So I’m reading through Paul Louis Metzger’s book Consuming Jesus, and one of the chapters got me thinking…
Theologically speaking, there is no dichotomy between a passionate "evangelical" spirituality and social action. In fact, biblically speaking, you can’t have one without the other; they go together necessarily. Because
"If any one of you has material possessions and sees a brother or sister
in need but has no pity on them, how can the love of God be in you?" (1 John 3:17)
"If we say we love God yet hate a brother or sister, we are liars. For
if we do not love a fellow believer, whom we have seen, we cannot love
God, whom we have not seen. And he has given us this command: Those who love God must also love one another." (1 John 4:20-21)
"What good is it, my brothers, if someone says he has faith but does not have works? Can that faith save him? If a brother or sister is poorly clothed and lacking in daily food, and one of you says to them, ‘Go in peace, be warmed and filled," without giving them the things needed for the body, what good is that? So also faith by itself, if it does not have works, is dead." (James 2:14-17)

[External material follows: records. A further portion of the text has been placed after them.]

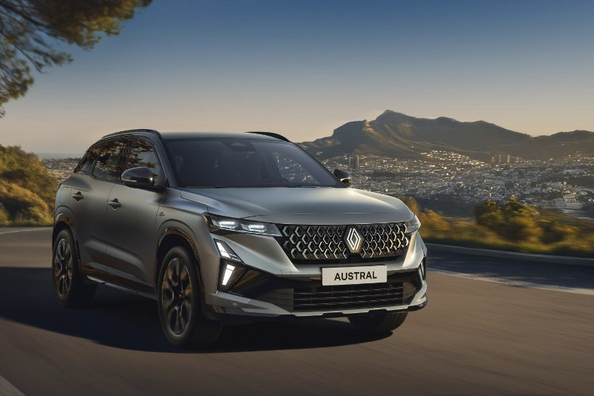 Renault Austral 2025 -koeajo: päivitetty crossover ranskalaisella tyylillä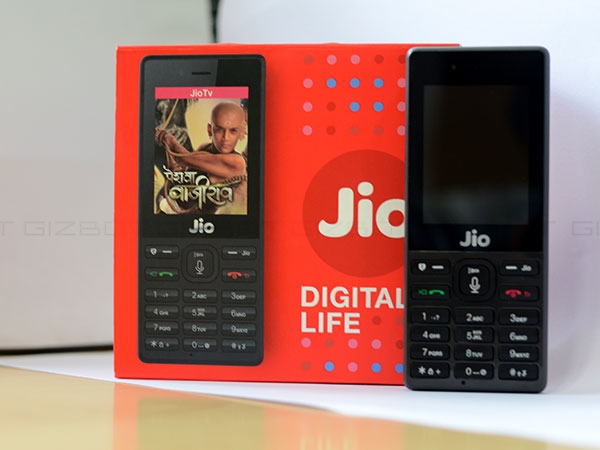 જિયોફોન OLX પર લિસ્ટ, કિંમત 700 રૂપિયાથી શરૂ જિયોફોન OLX પર લિસ્ટ, કિંમત 700 રૂપિયાથી શરૂ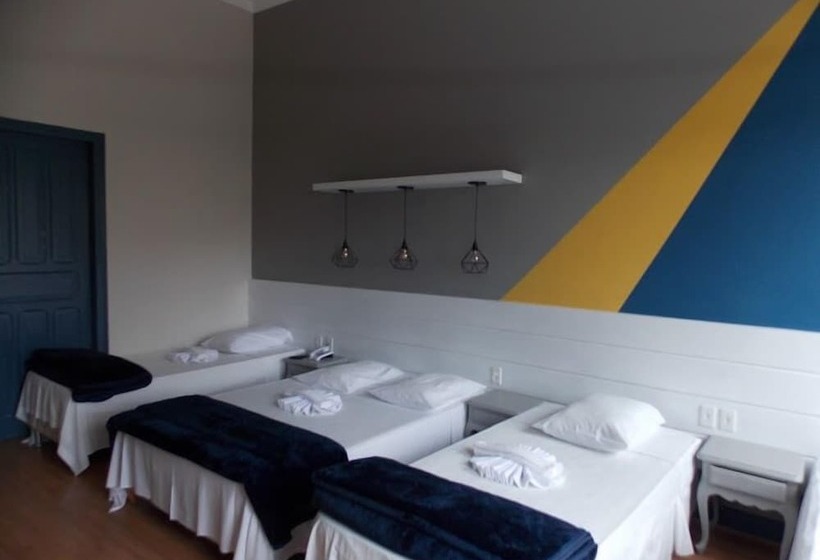 Четырехместный Номер Стандарт, Mova Hotel D Oeste   Localizado Em Frente A Praça Principal Da Cidade, Na área Central   Pé Na Praça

But that doesn’t mean that all there is to it is the social action part. One can certainly be involved in justice, social action, advocacy for the poor, and be completely disconnected from Jesus Christ. Like Paul says,
"If I give all I possess to the poor and give over my body to hardship that I may boast, but do not have love, I gain nothing." (1 Cor 13:3)

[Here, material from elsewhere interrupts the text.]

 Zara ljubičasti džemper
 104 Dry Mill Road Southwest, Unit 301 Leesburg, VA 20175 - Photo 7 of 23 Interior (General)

It’s basically a dichotomy that shouldn’t exist. Without being connected in relationship to Jesus Christ, you can only go "half-way" in advocating for justice, but those who truly are connected to Jesus Christ will find themselves being compelled to serve the poor. Real love for God fuels love for neighbor; you can’t have one without the other.

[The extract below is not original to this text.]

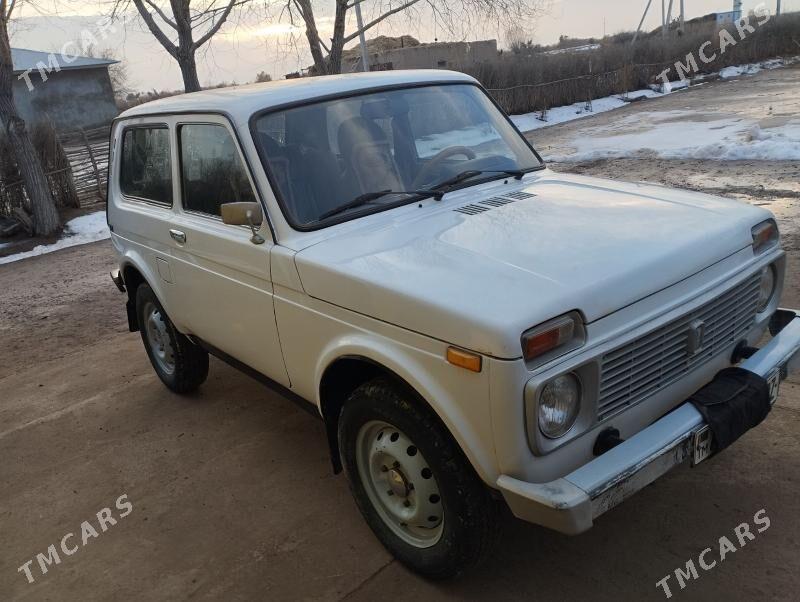Lada Niva 2003 - 60 000 TMT - Türkmenbaşy etr. - img 1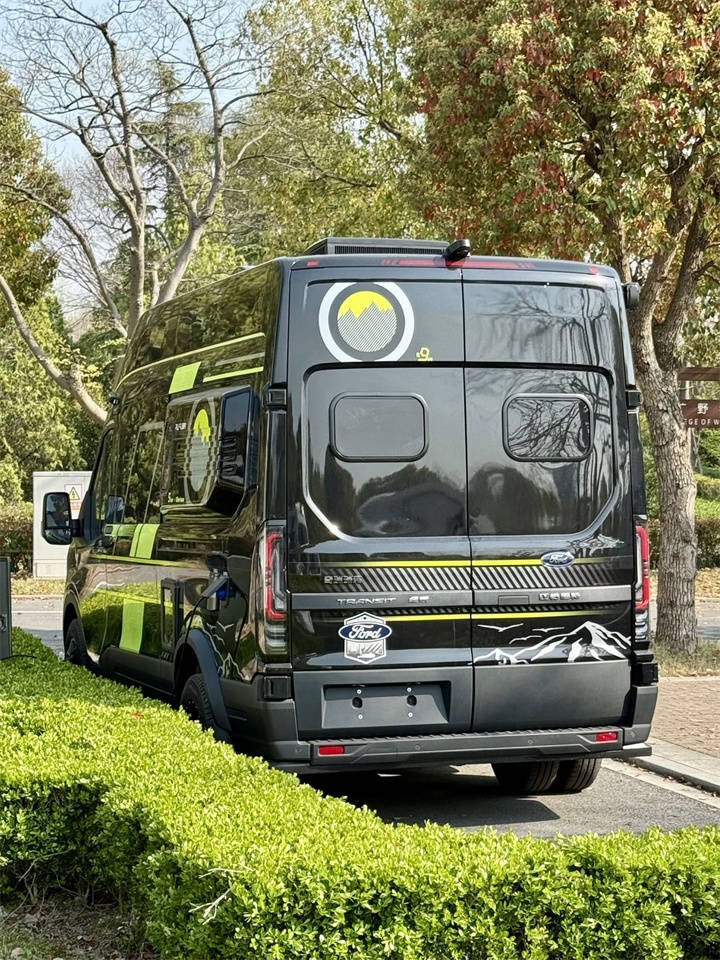 后尾门与储物空间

So what about "spiritualities" that don’t seem to propel those who practice them into greater love for neighbor and concern for the poor? Well, that’s another blog post, but I am thinking what we’ll have to say is that any so-called spirituality that does not result in greater love for God and neighbor is in fact an idolatrous one, where we aren’t actually worshiping God at all, but something else.